Dr. Jacques Trouvilliez, Executive Secretary, Agreement on the Conservation of African-Eurasian Migratory Waterbirds (AEWA
27 Jan 2023
This year’s World Wetlands Day theme “It’s time for wetland restoration” echoes the same spirit of urgency and action which led to the historic adoption of the Kunming-Montreal Global Biodiversity Framework (GBF) by 196 countries in December 2022.
The GBF recognizes the importance of protecting and restoring wetlands – amongst other places, in Target 2, which calls on countries to “ensure that by 2030 at least 30 percent of areas of degraded terrestrial, inland water, and coastal marine ecosystems are under effective restoration.”
What fewer people know is that this year’s World Wetlands Day theme and call to action for countries to restore wetlands and other important habitats in the GBF is also a key objective of the African-Eurasian Waterbird Agreement (AEWA) and an essential ingredient of effective Flyway Conservation.
Restoring lost or degraded wetlands is absolutely crucial for waterbird conservation as it is an important means of creating and restoring the connectivity between the habitats migratory waterbirds need to survive all along their flyway.
A flyway is in many ways like a chain, made of many links, where each link in the chain represents an important wetland.

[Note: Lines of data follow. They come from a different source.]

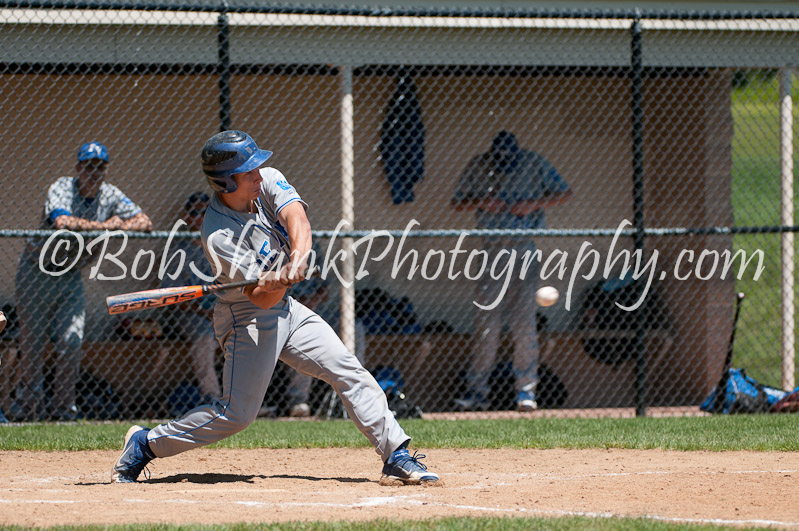 PV Baseball 2012-05-19-253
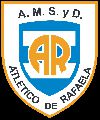 Atl de Rafaela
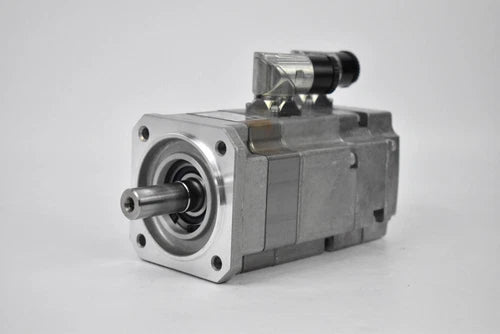 Siemens Synchronous Servo Motor 1FK7040-5AK71-1AH0 ( 1FK7 040-5AK71-1AH0 )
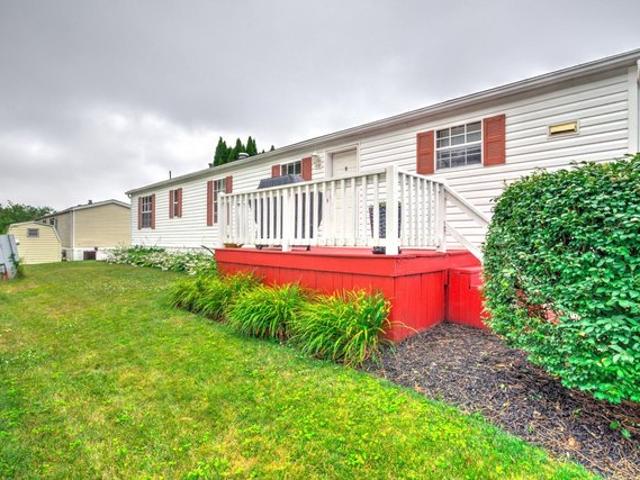 House for sale in Lancaster, Lancaster County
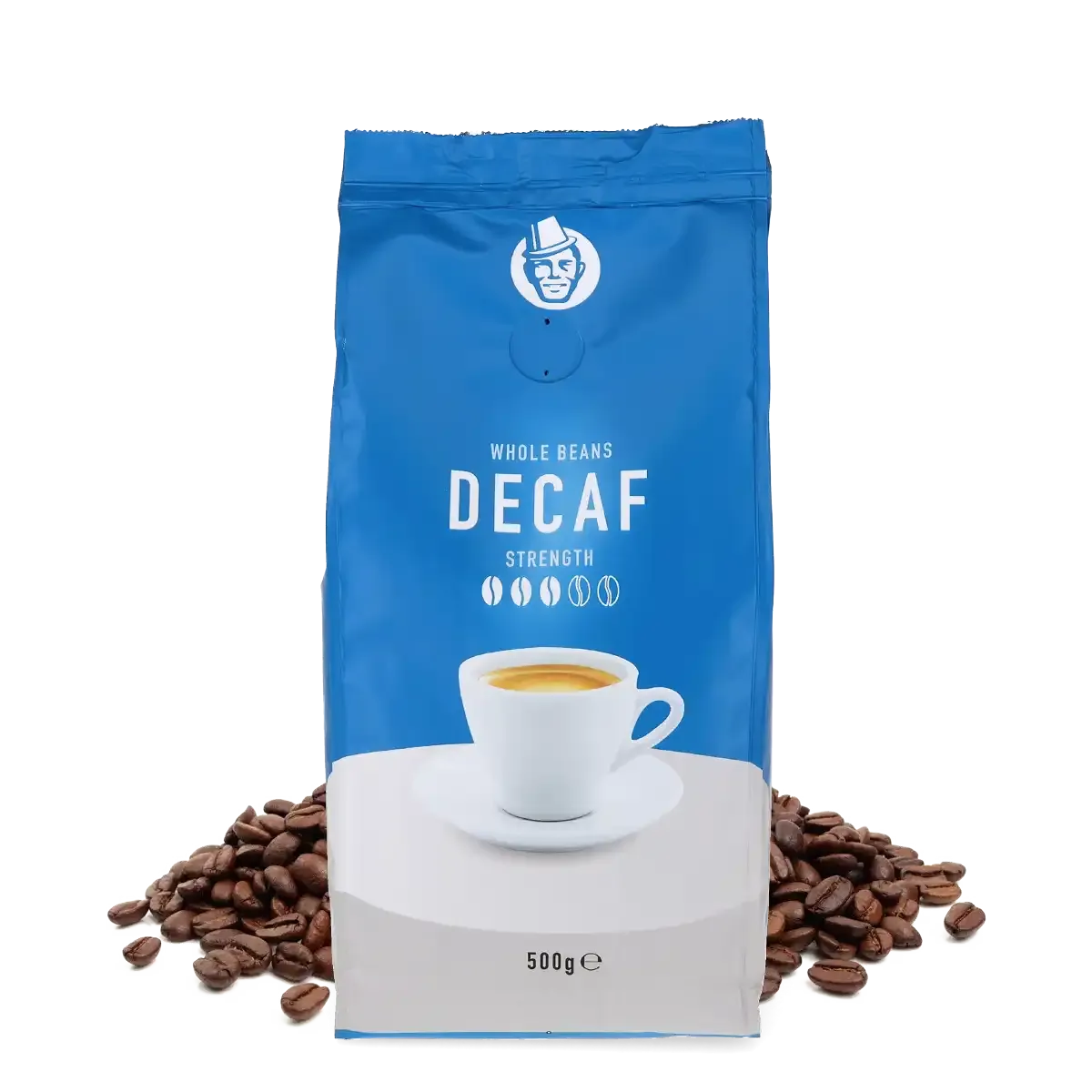 Koffeinmentes\u0020\u002D\u0020K\u00E1v\u00E9\u0020a\u0020Mindennapokra\u0020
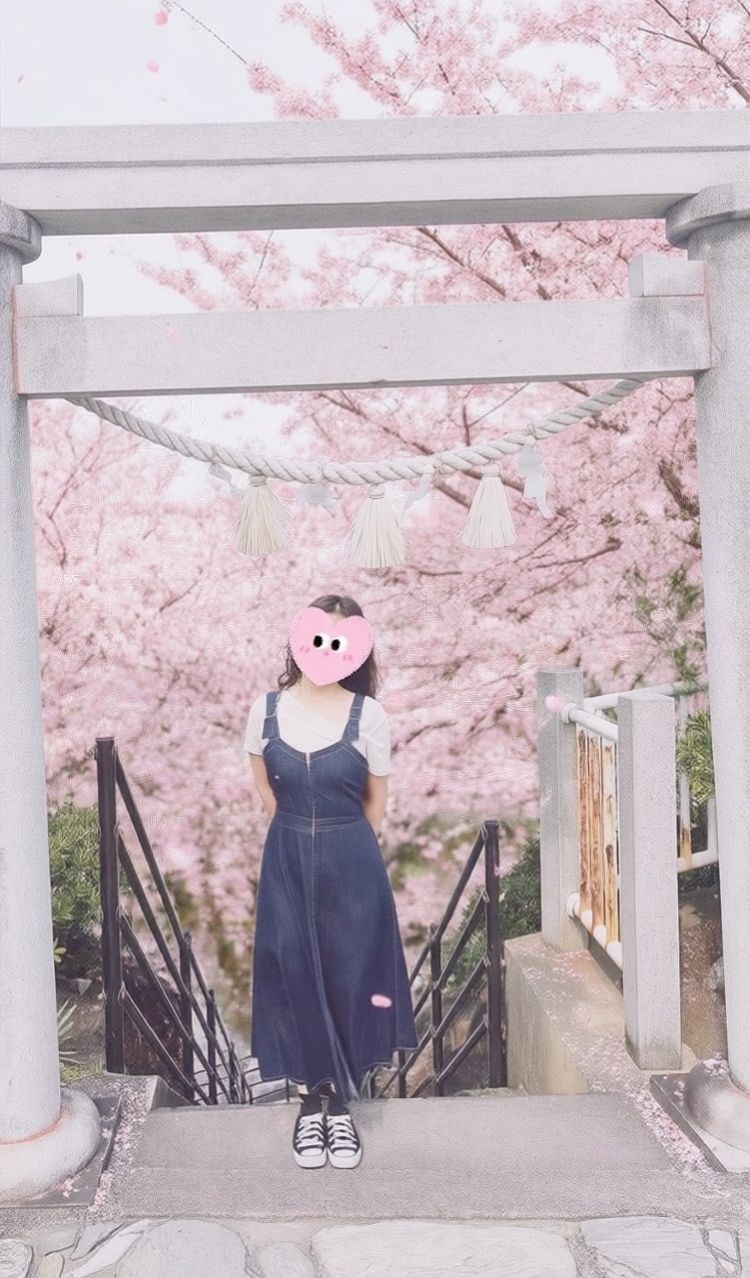 予定通り出勤します♪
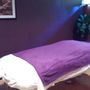 Grace Acupuncture and Herbs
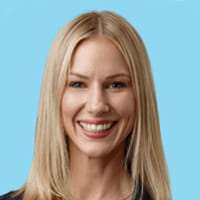  Sophie Hampel, CEO and Co-Founder of Inkling Group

If one of the links breaks, the whole chain breaks. The loss or degradation of one or more important wetlands within the network can directly lead to a decline in waterbird populations. In fact, the loss of key wetlands in one part of the flyway can have devastating effects in other parts and across the entire flyway and even affect the conservation status of species. Hence identifying, managing, protecting and restoring these important sites and habitats are all critically important.
That is the reason why the legal document behind the AEWA treaty, the so-called AEWA Agreement text calls on countries to not only identify, manage and protect sites and habitats for migratory waterbirds occurring within their territory but also places an emphasis on the importance of restoring lost or degraded habitats. Our theme for the 8th Session of the Meeting of Parties held in Budapest in September 2022, was “Strengthening Flyway Conservation in a Changing World” to emphasize the need for adequate resources and systems for conserving and restoring the network of wetlands, taking into account the ever-changing issues faced.
In addition, the provisions of the treaty generally call upon countries to rehabilitate and restore sites, calling on countries to “endeavour to rehabilitate and restore areas which were previously important for populations listed under AEWA.” These include areas that suffer degradation as a result of the impacts of climate change, hydrological change, agriculture, spread of aquatic invasive non-native species, natural succession, uncontrolled fires, unsustainable use, eutrophication and pollution.
Unfortunately, the continued decline of wetlands across the African-Eurasian flyway indicates that the implementation of the requirement to rehabilitate and restore wetlands in the Agreement’s Action Plan has so far been inadequate.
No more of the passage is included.